Interviewing and Dialogue in Sophomore English
Bill Ouellette


Students on their own have read two stories:

1. "The Rain Came" by Grace Ogot (Literature Without Borders 575)

2. "The Spell and the Ever-Changing Moon" by Rukhsana Ahmed (539)

Begin with a demonstration of interviewing. The teacher interviews a student, then debriefs with the class. Discuss goals and ideals of the interview experience, primarily that an interview should lead to new knowledge and understanding on the part of both the interviewer and the subject. The interviewer makes this happen when s/he not only questions but also restates; when s/he listens closely for cues the subject gives to probe and elaborate; and when s/he uses the questioning to clarify, to amplify, to challenge, to qualify assertions, and to expose assumptions.




Day One:

1. Assign an A or B designation to students; A's will be interviewers; B's will be subjects.

2. A interviews B about the end of the story, "The Rain Came." (5 minutes)

3. Both A and B freewrite about the story. (2 minutes)

4. B interviews a different A about the end of the story. (5 minutes)

5. Both A and B freewrite again. (2 minutes)

6. Debrief as a class:

a. What new or interesting ways of looking at this story did you consider in your interviews?

b. What worked and/or did not work about this process?
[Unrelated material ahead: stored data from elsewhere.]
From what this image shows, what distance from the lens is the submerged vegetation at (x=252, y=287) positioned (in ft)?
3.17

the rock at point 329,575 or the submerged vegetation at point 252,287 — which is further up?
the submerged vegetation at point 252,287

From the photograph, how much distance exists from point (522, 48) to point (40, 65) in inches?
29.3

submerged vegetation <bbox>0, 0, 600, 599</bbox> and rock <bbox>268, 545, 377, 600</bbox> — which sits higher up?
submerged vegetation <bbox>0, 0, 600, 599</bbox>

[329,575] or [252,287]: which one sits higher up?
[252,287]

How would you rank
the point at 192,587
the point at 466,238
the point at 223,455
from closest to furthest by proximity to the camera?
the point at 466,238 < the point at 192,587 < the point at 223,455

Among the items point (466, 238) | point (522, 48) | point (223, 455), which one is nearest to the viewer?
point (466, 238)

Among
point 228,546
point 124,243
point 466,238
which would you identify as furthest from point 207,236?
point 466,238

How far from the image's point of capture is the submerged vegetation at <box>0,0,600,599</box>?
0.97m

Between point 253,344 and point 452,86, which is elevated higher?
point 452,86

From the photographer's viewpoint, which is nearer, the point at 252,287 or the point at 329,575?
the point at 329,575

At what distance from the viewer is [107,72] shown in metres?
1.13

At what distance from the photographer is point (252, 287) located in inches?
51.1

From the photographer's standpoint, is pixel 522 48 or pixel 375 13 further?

Homework: Prepare for a text-based discussion about the story, "The Ever-Changing Moon" by annotating the story.

Day Two

1. Preparation:

a. Send a paper around the room asking students to create a seating chart

b. Briefly conduct a call and response about the story: What intrigued you or bothered you about this story? What questions did it raise for you? Post these on board as entry points into an analysis of the story.

c. Check to see that students have annotated the story.
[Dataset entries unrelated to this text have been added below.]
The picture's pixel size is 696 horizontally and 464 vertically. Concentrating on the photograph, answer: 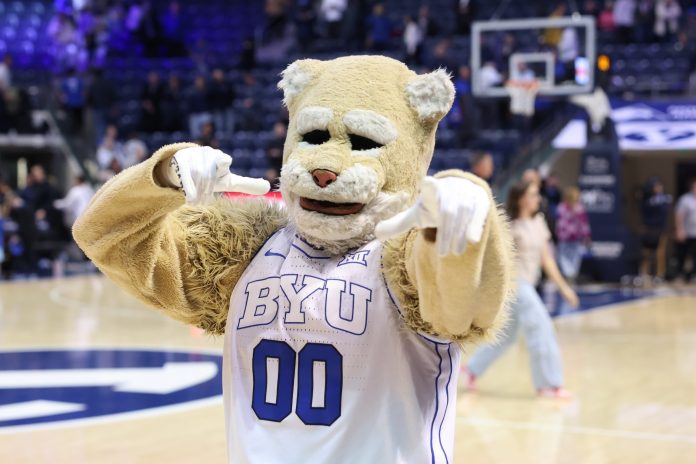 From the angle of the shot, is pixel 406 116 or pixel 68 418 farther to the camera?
pixel 68 418

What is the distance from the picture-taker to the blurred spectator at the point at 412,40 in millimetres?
17141

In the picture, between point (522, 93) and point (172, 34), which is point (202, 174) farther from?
point (172, 34)

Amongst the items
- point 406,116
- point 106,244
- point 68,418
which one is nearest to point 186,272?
point 106,244

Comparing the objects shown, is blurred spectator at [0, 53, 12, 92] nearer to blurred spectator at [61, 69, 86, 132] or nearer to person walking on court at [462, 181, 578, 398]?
blurred spectator at [61, 69, 86, 132]

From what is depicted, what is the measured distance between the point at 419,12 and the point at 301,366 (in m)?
17.1

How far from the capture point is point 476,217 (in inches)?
79.5

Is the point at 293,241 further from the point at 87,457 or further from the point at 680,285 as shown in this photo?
the point at 680,285

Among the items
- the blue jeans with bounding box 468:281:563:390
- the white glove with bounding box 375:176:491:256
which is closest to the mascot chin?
the white glove with bounding box 375:176:491:256

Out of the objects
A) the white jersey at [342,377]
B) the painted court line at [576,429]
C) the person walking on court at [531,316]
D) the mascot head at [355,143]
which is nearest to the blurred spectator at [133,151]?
the person walking on court at [531,316]

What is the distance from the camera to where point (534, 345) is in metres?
6.34

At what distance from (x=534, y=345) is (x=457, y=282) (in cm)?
430

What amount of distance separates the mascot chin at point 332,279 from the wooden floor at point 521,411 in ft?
2.27

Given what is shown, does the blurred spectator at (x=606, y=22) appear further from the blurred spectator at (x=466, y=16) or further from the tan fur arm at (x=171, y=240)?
the tan fur arm at (x=171, y=240)

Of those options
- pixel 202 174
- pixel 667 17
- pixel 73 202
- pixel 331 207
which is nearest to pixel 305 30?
pixel 73 202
2. Remind students of goals and best practices for text-based discussions. (I code their involvement on the seating chart. I devise my own codes and use this as one way to offer feedback. As an alternative, I may divide the class into two groups and do fishbowl discussion.
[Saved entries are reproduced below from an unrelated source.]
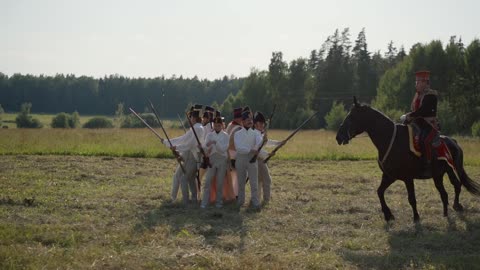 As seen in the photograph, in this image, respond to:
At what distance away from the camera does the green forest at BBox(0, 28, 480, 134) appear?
4062 centimetres

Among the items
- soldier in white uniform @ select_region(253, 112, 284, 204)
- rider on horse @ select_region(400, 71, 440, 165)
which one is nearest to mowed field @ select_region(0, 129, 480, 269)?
soldier in white uniform @ select_region(253, 112, 284, 204)

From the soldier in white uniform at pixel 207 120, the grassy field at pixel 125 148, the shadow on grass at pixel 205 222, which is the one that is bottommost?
the shadow on grass at pixel 205 222

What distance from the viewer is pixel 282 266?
19.6 ft

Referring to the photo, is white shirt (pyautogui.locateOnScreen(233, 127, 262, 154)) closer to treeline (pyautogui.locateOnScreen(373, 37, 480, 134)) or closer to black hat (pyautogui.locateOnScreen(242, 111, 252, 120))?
black hat (pyautogui.locateOnScreen(242, 111, 252, 120))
3. Students conduct the discussion.

4. Teacher gives feedback and debriefs the process. (My feedback varies; it may be individual (process notes) or it may be with the whole large group: listing questions, listing of synthesizing statements, listing of passages the group considered.)

5. Culminating Performance of Understanding: Write a dialogue between Nisa, the main character of "The Spell and the Ever-Changing Moon," and Oganda, the main character of "The Rain Came". Let these women talk to each other about their stories, not simply retell their stories. You may invent a reason that they meet; as the writer you control such circumstances.